Among this wave of research is studies about the benefits of heat and cold exposure, specifically the kinds of deliberate heat and cold exposure that is more intense and dramatic than what modern humans typically experience in our day to day lives.

For thousands of years, humans have been exposing themselves to cold water (eg. natural bodies of water in nature, cold showers and pools and tubs of various sorts in our modern world), as well as warm rooms (eg. Scandinavian saunas and Native American sweat lodges) and bodies of water (eg. hot springs in the wilderness, Eastern European and Japanese bath houses, and hot tubs in our modern world).

And while many respectable, long-standing cultures with rich traditions of wisdom, physical vigor, and impressive vitality have sworn by these modalities for generations, it wasn’t until relatively recently that modern humans began to have rigorous and reliable scientific findings to verify these claims.

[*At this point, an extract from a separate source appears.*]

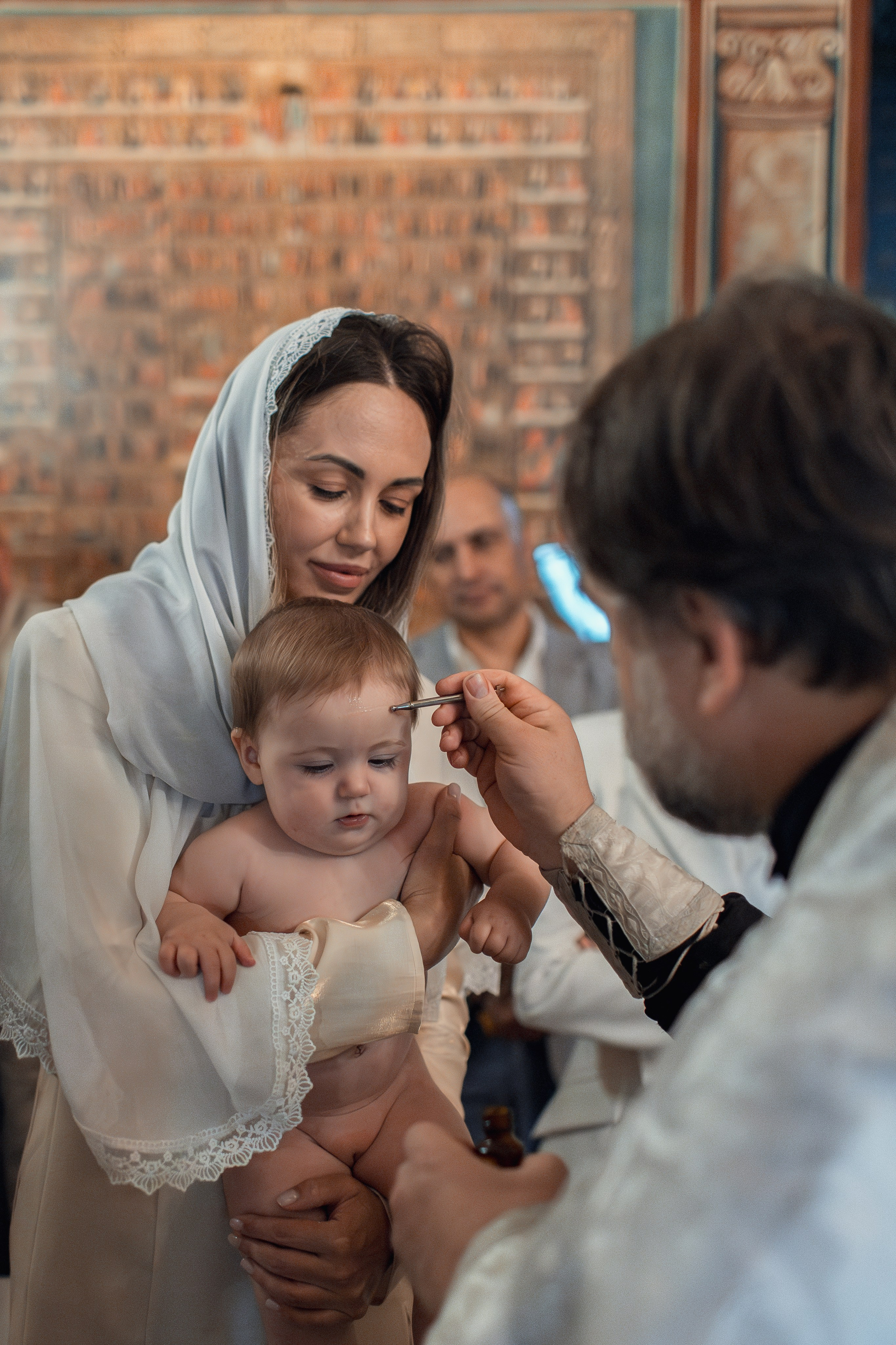 Крещение в Зачатьевском Монастыре. Профессиональный фотограф в Москве и Мо Мария Шантарёва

Fortunately, there has been a Renaissance of health science research in just the past decade that has included several of the most thorough and robust findings about the benefits of specific forms of hormetic stressors, such as cold and heat exposure, as well as exercise and other forms of human movement.

Most of our ancestors didn’t have the modern luxuries of climate control like central heating, electric furnaces, and air conditioned homes and vehicles. As a result, they lived with the burdens that most animals on Earth have evolved to live with: severe weather, dramatic heat and cold, and a lack of reliable shelter and optimal protection from these environmental fluctuations of nature.

In capitalizing on these tools for maximal comfort, we have given up the powerful health-protective mechanisms that these evolutionary-evolved environmental responses offer.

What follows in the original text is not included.